As expected, the most extraordinarily ancient of these crystals had unique isotopic signatures, described by their discoverers as “extremely isotopically light.”  

“Such light oxygen isotopes are typically the result of hot, fresh water altering rocks several kilometers below Earth’s surface,” Dr. Gamaleldian explained. 

The lightness of the zircon pieces’ composition indicated they could only have been formed underneath the planet’s crust, in the dense primordial layer of molten magma that hardened on top to form that crust during the Hadean epoch (4.6 billion to four billion years ago). Fresh water delivered by asteroid or meteor showers somehow managed to penetrate to this level of still molten material, and this water left its isotopic imprint in the oldest zircon samples. 

 

 

Previous evidence suggested that the Earth had been covered entirely by a salty ocean four billion years ago. However, the processes that created the zircon crystals beneath the Earth’s crust at that time would not have been possible unless there had been some type of solid surface present. A large mass of land would have been created in this location, with the four-billion-year-old zircon crystals eventually being deposited on the surface, where they would help to form the rocky outcroppings that were destined to become the Jack Hills of Australia. 

Texture of the ocean. Evidence has suggested that four billion years ago, the entire surface of the Earth was submerged under a salty ocean.

Texture of the ocean. Evidence has suggested that four billion years ago, the entire surface of the Earth was submerged under a salty ocean.    (DAVID/Adobe Stock) 

This surprising find sets back the timeline of the arrival of fresh water to the surface of the Earth, as well as the timeline of the creation of that surface. It also raises the possibility that life evolved on the planet sooner than previously believed. 

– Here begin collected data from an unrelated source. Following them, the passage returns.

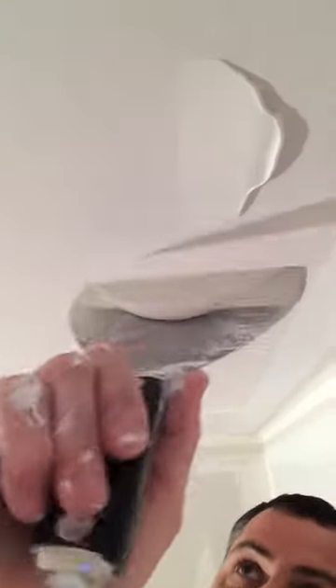Another thing: keep the back of your knife without a bunch of goobers on it, because it'll leave those marks on the ceiling. You want it to be nice and clean every time. No reason to sand if you don't have to.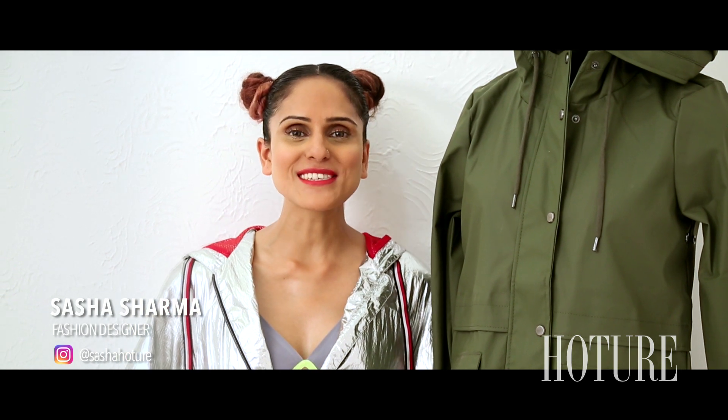Hi guys, I'm Sasha and this is The Styling Show. The monsoons are here and we don't want the rains to dampen your style statement. In this third episode, I will show you how you could pull off a perfect monsoon look.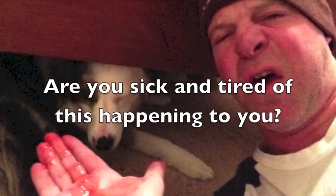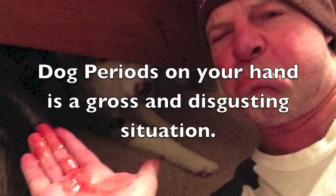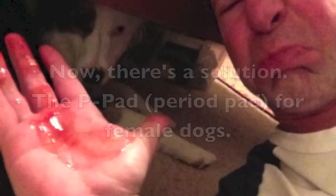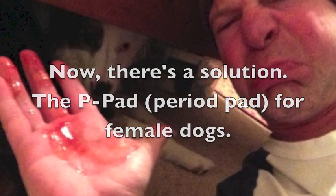Are you sick and tired of this happening to you? Dog periods on your hand is a gross and disgusting situation. Now there's a solution: the pee pad for female dogs.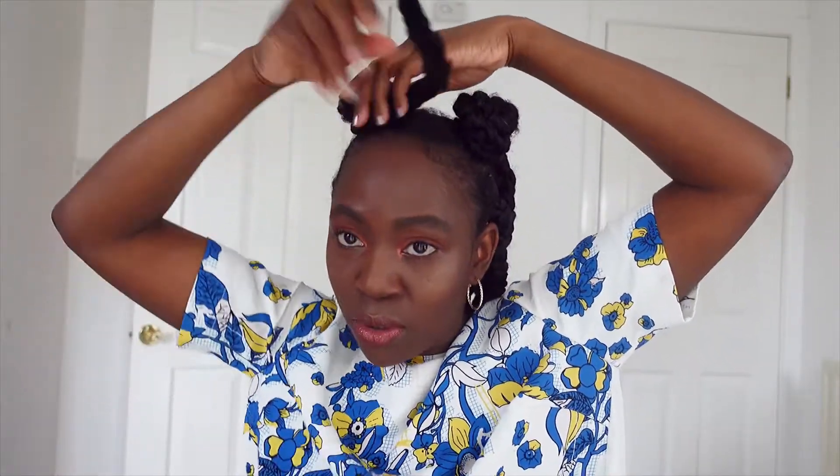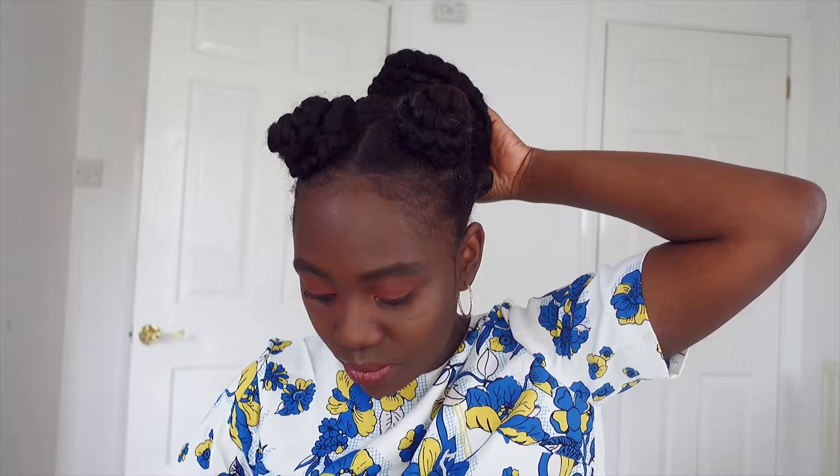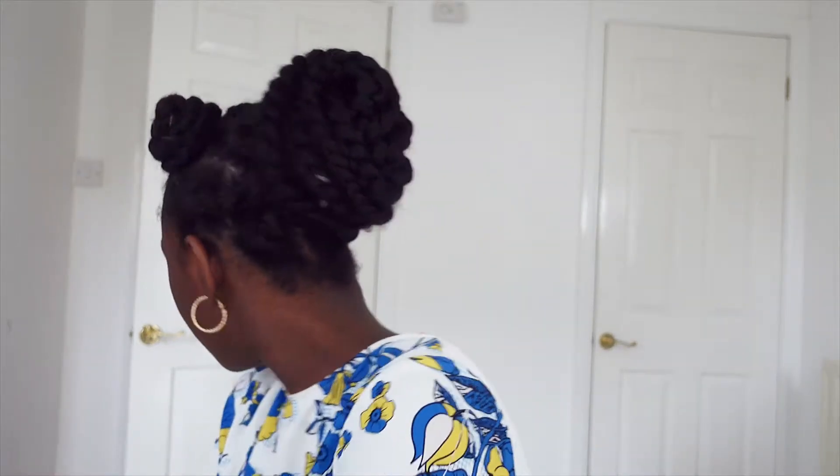Another way you could style jumbo braids is with bantu knots. You could have two bantu knots in front and then pack the rest at the back, or leave them down. Or you could have a bun at the back with your two bantu knots in front — it's pretty much up to you.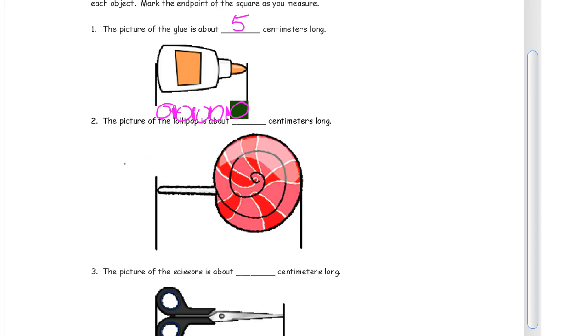Now we're going to do the picture of the lollipop. I'm going to bring my square down here. These lines right here mark the end points of the lollipop, so we're going to go from end point to end point. I'm going to mark there and move there and mark there. You can tell you're doing a good job of this if your marks are kind of evenly spaced apart. If some of them are a lot wider than others, you might want to erase and remark.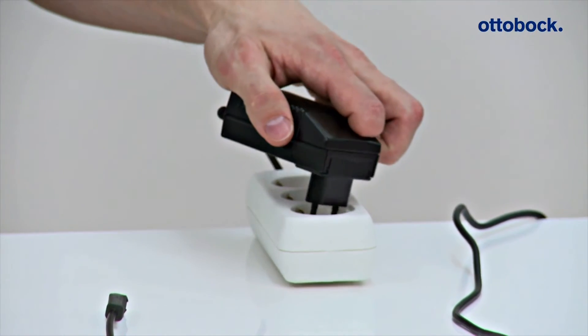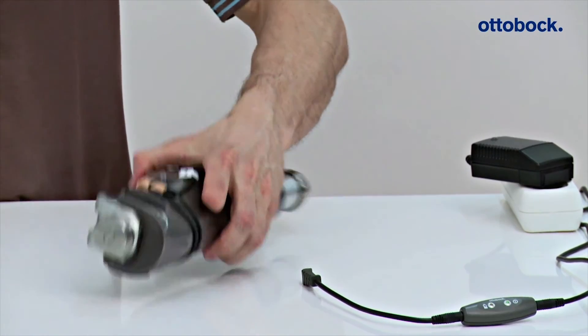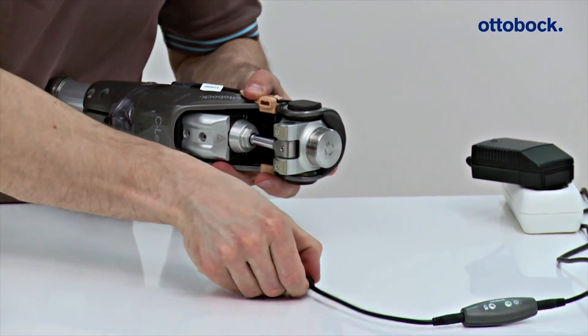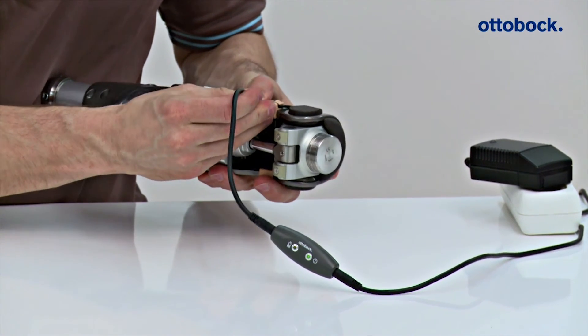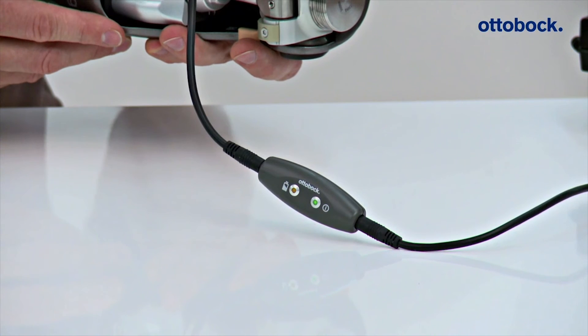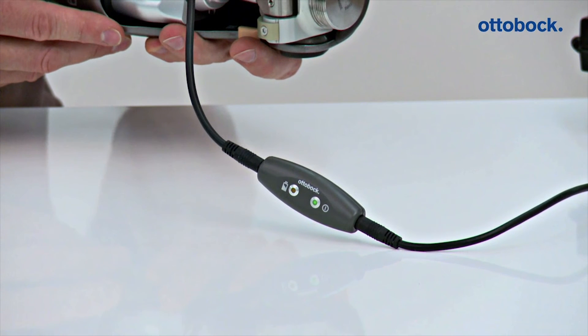Following installation of the charger extension cable, the O&P Professional also checks the charging function of the knee joint. After connecting the charger, the knee joint emits a beep signal and shortly after that a 3x vibration signal. If there are no feedback signals, the joint is not charged. In this case, check if the charger was connected correctly.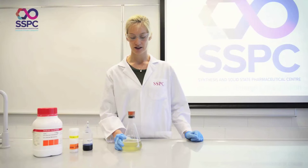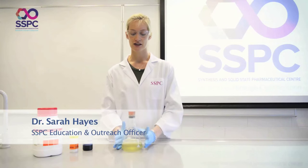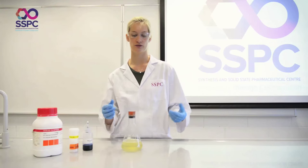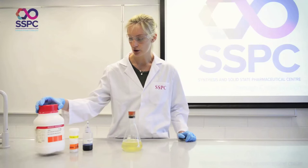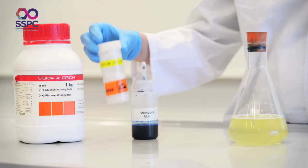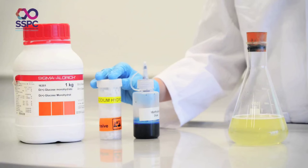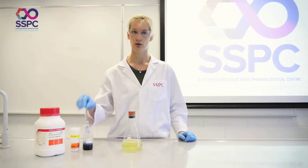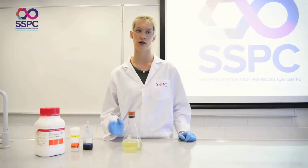We refer to this as the blue bottle experiment, and it works best when you present it as a problem to a group of students. I've prepared this using glucose, sodium hydroxide, and methylene blue solution. An important thing to note: when adding sodium hydroxide, you always add it to an excess of water — not the other way around. You add sodium hydroxide to water, not water to sodium hydroxide.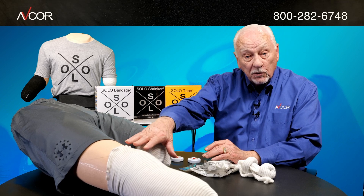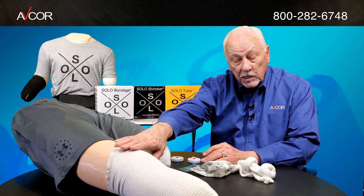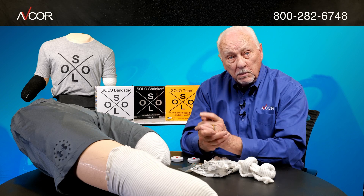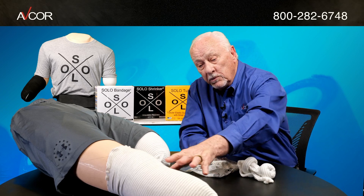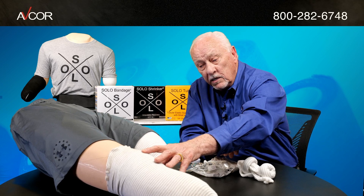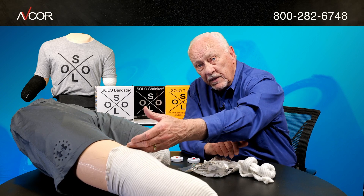The product comes in both short and long lengths. It does require fitting, so you will need to take one measurement — come up to the widest point above the amputation site and then take a measurement of that area.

This discovery not only sheds light on Earth’s early history, but also suggests landmasses and fresh water set the stage for life to flourish within a relatively short time frame—less than 600 million years after the planet formed,” explained Curtin University geoscientist Dr. Hugo Olierook. “The findings mark a significant step forward in our understanding of Earth’s early history and open doors for further exploration into the origins of life.

The earliest signs of life to appear in the fossil record so far were layered, underwater reef-like structures known as stromatolites, which were dated to 3.48 billion years ago and were formed by the metabolic activities of cynobacteria and possibly other microbial lifeforms. These fossilized remnants of living processes are actually the oldest indicators of life found anywhere on the planet, and they were discovered just 500 miles (800 km) north of the Jack Hills.  

It is now known that fresh water reached the land surface of the planet at a time when there was only supposed to have been ocean. While this could have been a precursor to the evolution of life at an earlier time, only fossil evidence could prove such a scenario correct, and as of now no such evidence has been recovered. But if such ancient fossils are ever found, it will likely be the Jack Hills region that produces them.